When it comes to family structure, the United States is a laggard. As Nicholas Zill documented in this space in February, almost seven in ten kids in the United States live in two-parent families. New international data from the recently released World Family Map Report indicate that in this area, the U.S. is an outlier among wealthy nations—but not in a good way. Out of 41 countries with available data on this measure, we place a disappointing 32nd, well below Canada, Australia, and the European nations under examination.
Children are most apt to live with two parents (who could be biological parents, adoptive parents, or stepparents) in Asia and the Middle East, as the below figure illustrates. According to the data available for the specific countries examined in these regions, more than 80 percent of children in Asia and the Middle East live with two parents, ranging from 85 percent in the Philippines and Indonesia to 94 percent in Jordan.
Similarly, about 80 percent of children in European countries—from 76 percent in the United Kingdom to 89 percent in Italy and Poland—live in two-parent households. In the Americas, two-parent households are somewhat less prevalent: between 62 percent (Colombia) and 78 percent (Canada) of children are part of two-parent homes. The two-parent pattern is more mixed in sub-Saharan Africa, ranging widely from 36 percent in South Africa to 78 percent in Nigeria. Some of the children living with two parents are in households that also include extended family, as noted above.
In much of Central/South America and sub-Saharan Africa, children have higher odds of living with either one or neither of their parents than children in other regions. Between 12 percent (Nigeria) and 43 percent (South Africa) of children in these regions live with a single parent, and between 4 percent (Argentina) and 20 percent (South Africa and Uganda) of them live in homes without either of their parents. Among the South American countries in this study, Colombia had the highest percentage of children living without either of their parents: 11 percent.
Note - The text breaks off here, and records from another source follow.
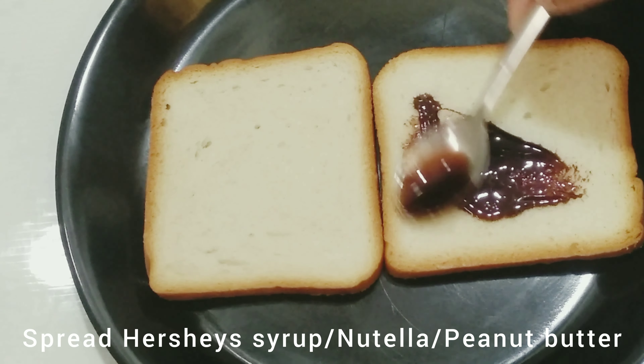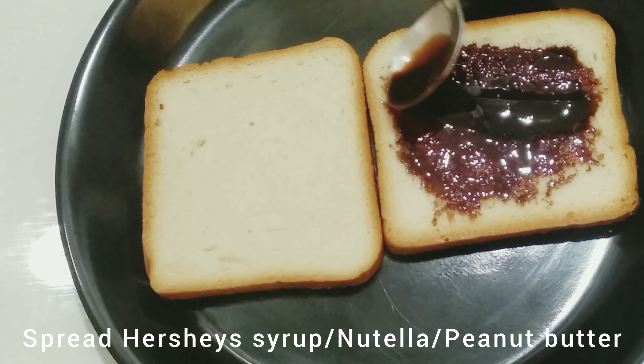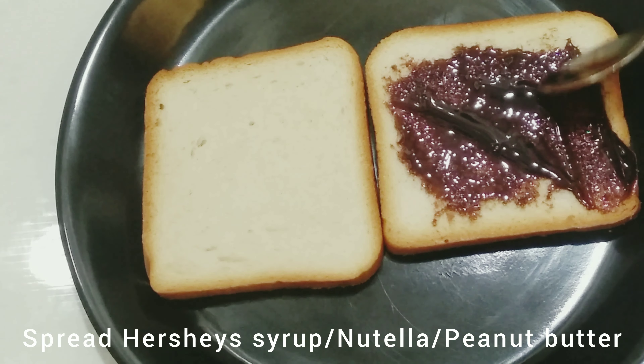First, spread Nutella or peanut butter on the bread slices.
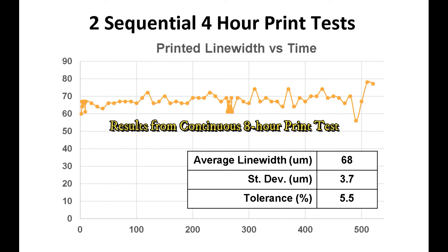IDS also tested the performance of the NanoJet printer to understand how the printed line quality varies over several hours. The results of the quality testing demonstrated that a printed line width variation of approximately 5.5% over an 8-hour time period could be achieved.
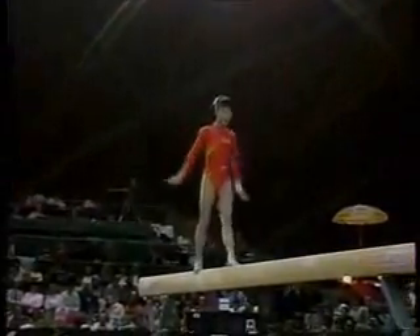One arm back handspring to lay out, step out. Full twisting back handspring. Swing down. That is amazing.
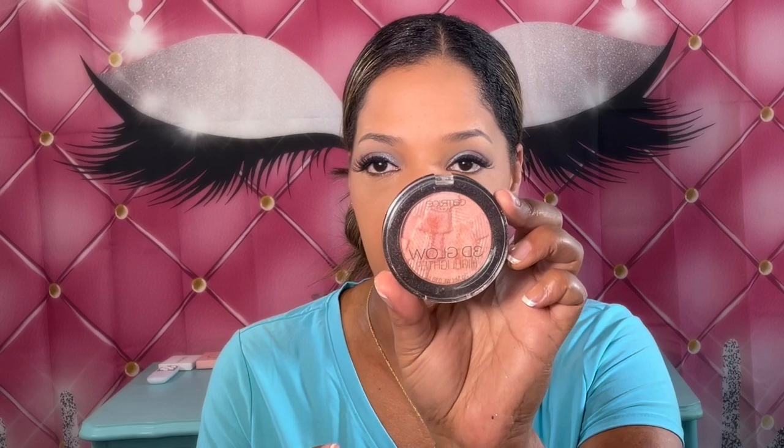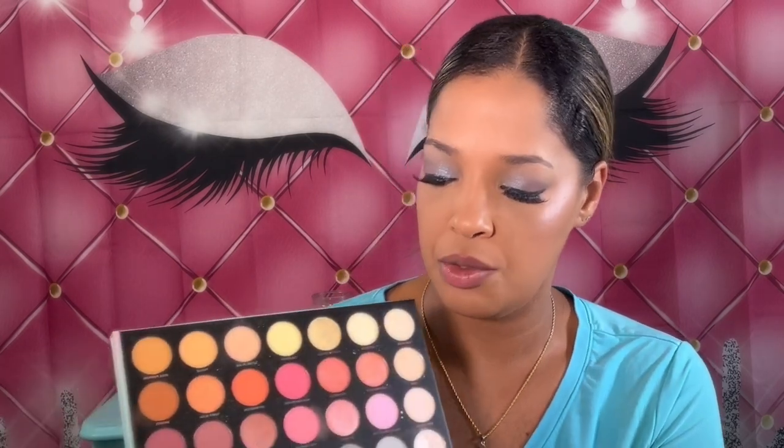For highlighter I'm going in with the Catrice 3D Glow highlighter in the shade Pinch of Rose. Oh, that's really pretty — it's really pigmented, I like that. I'm also going to take this and go over my brow bone with the color. Now I'm going to line my lower lash line using the Extra Sensory color from the palette, taking a pencil brush to apply it along the lower lash line.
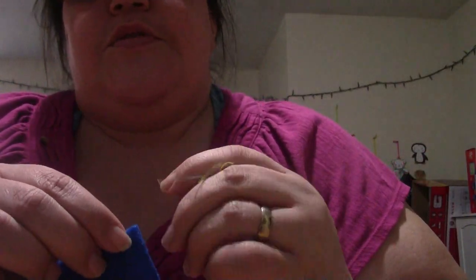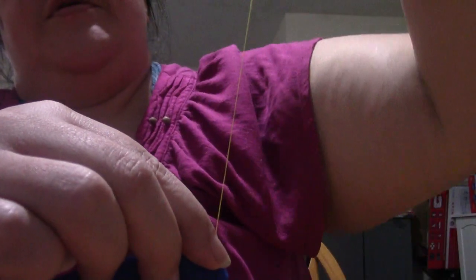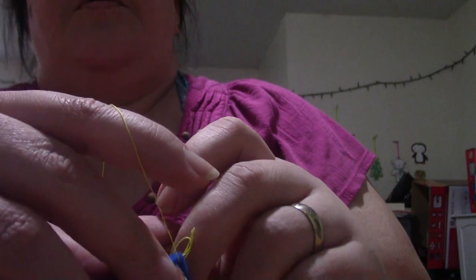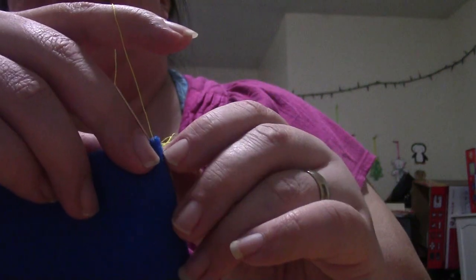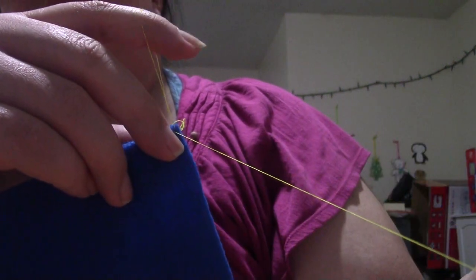Again, we're going to take the needle, put it through the side you're on, push it through to the back, pull it through, wrap it around, push it through again, grab it and pull it through.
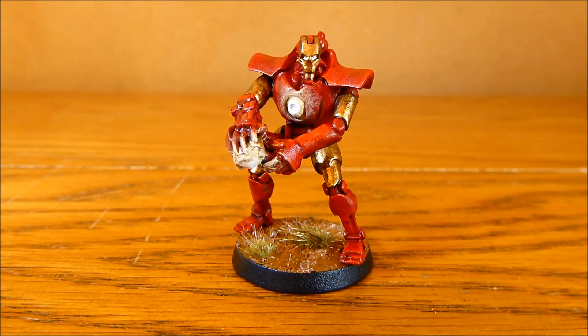So obviously I'm entering into the Marvel category, which is basically where you make a Marvel character from your hobby miniatures, and obviously I've made Ironman out of this immortal.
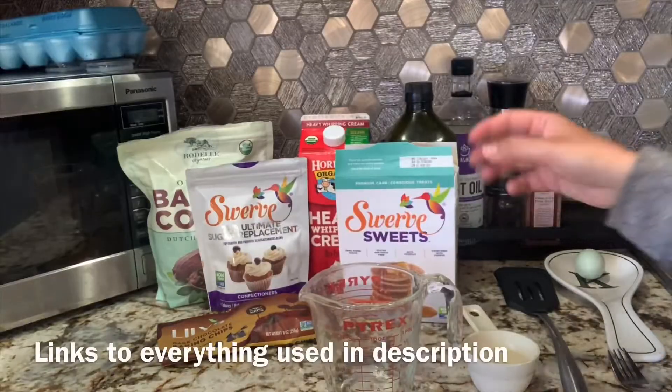I want to start showing you guys some of my recipes. The number one thing my mom and I miss the most is some good pancakes. We had tried so many different mixes and making them from scratch, and they just weren't right. But this recipe, I promise you, is exactly it — it is so good. So let's get started.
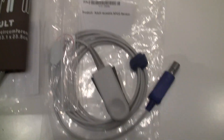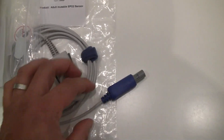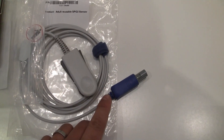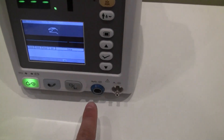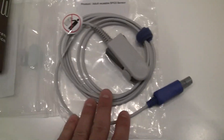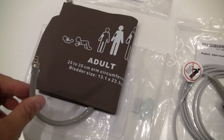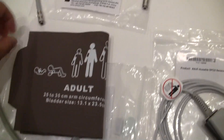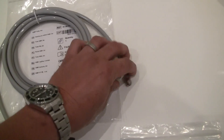As for accessories, the unit comes with an adult size SPO2 sensor with a round limo style connector. There is an extension cable that converts the limo connector on the machine's port and terminates into a square DB9 connector, allowing you to use a Nellcor compatible SPO2 sensor. It also comes with a standard adult large NIBP cuff with bayonet style connections and NIBP tubing with the same bayonet style connectors.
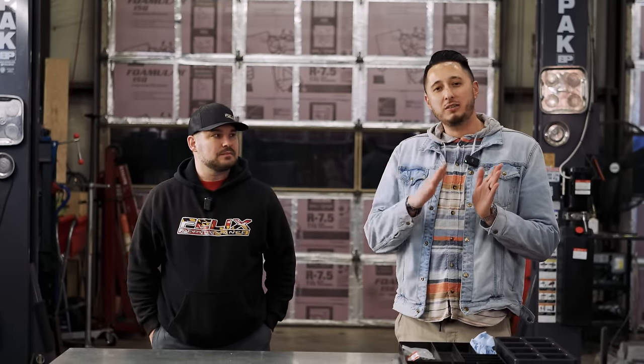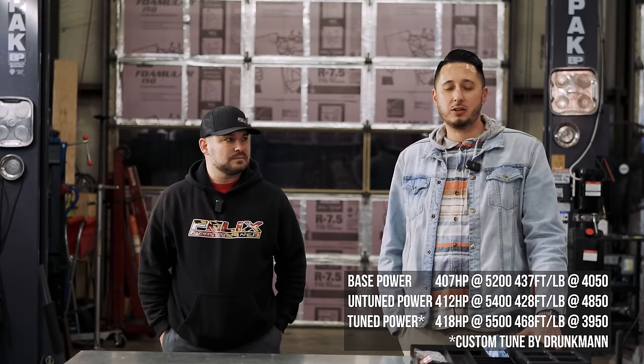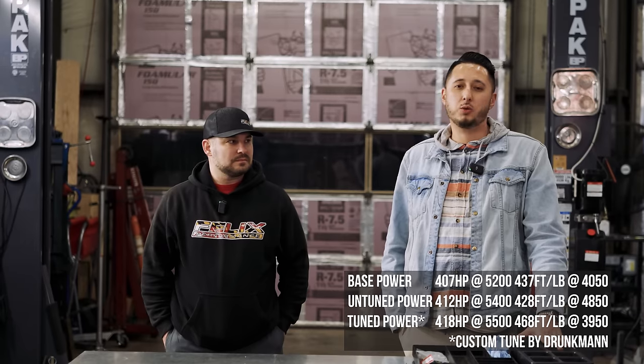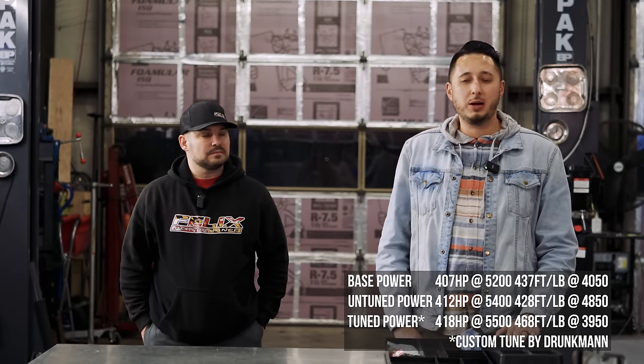Final thoughts on the JD Muscle header: like all unequal length headers, they do suffer a little bit of loss down low — though it wasn't as severe on the FA24 with this particular header compared to other brands. It could be the extra displacement of the FA24 or the header design itself. Without tuning, we netted about 6 to 8 wheel horsepower up top. After careful tuning, we massaged out about another 20 to 25 lb-ft of wheel torque and about 12 more wheel horsepower. Even with those gains, there is a slight shift of about 200 to 300 RPM to the right in the power band, which is to be expected with any unequal length header.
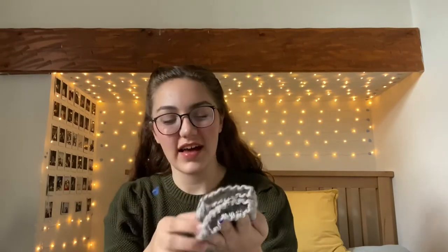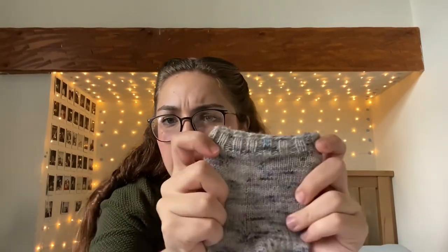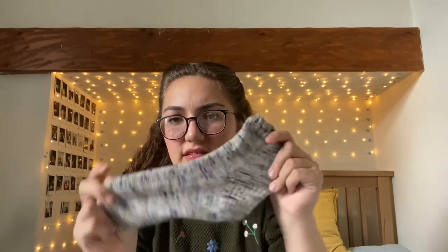Recently, I also finished my first ever pair of socks. They're very simple — just a vanilla sock with a reinforced heel and a simple toe. I followed along with a six-episode YouTube tutorial to knit these socks. It's a two-by-two rib — knit two, purl two — then simple stockinette for the rest. Very simple.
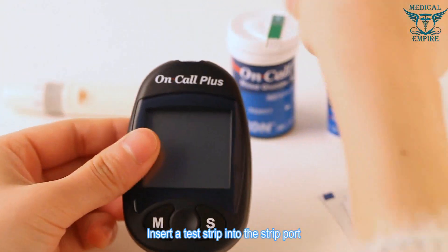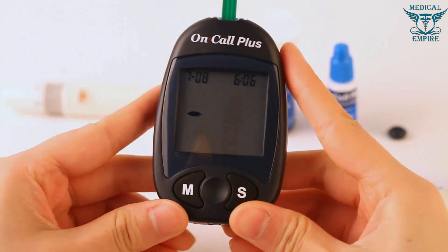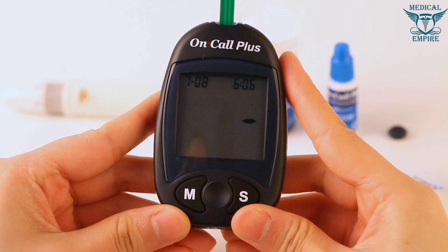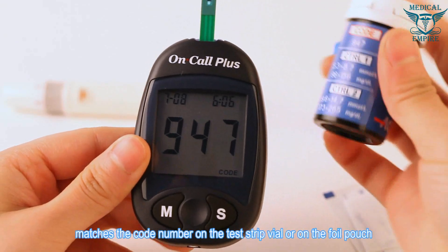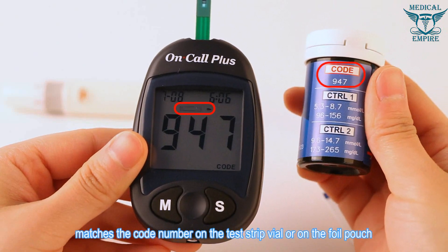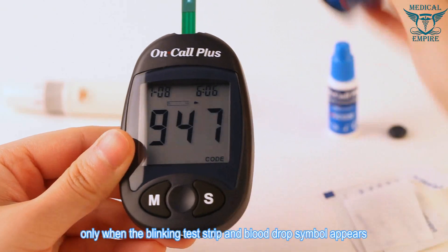Insert a test strip into the strip port to turn the meter on and check the display. Make sure the code number on the display matches the code number on the test strip vial or foil pouch. The meter is ready for testing only when the blinking test strip and blood drop symbol appears.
The high percentage of South African children living with one parent or without either parent—43 percent and 20 percent, respectively—reflects the legacy of AIDS, which left many children orphaned, and of apartheid, which produced high rates of labor migration.
Finally, in North America, Oceania, and Europe, a substantial minority—about one-fifth—of children live in single-parent households, and less than 6 percent of kids live in households without at least one of their parents. In Eastern Europe, 11 to 15 percent of children live with a lone parent. In these regions, the United States (27 percent), the United Kingdom (24 percent), and New Zealand (24 percent) exhibit particularly high levels of single parenthood. Many European countries have projected that the proportion of children living with single parents will grow through 2030.
This post includes text adapted from the 2015 World Family Map Report, which was sponsored by Child Trends and the Social Trends Institute and cosponsored by the Institute for Family Studies.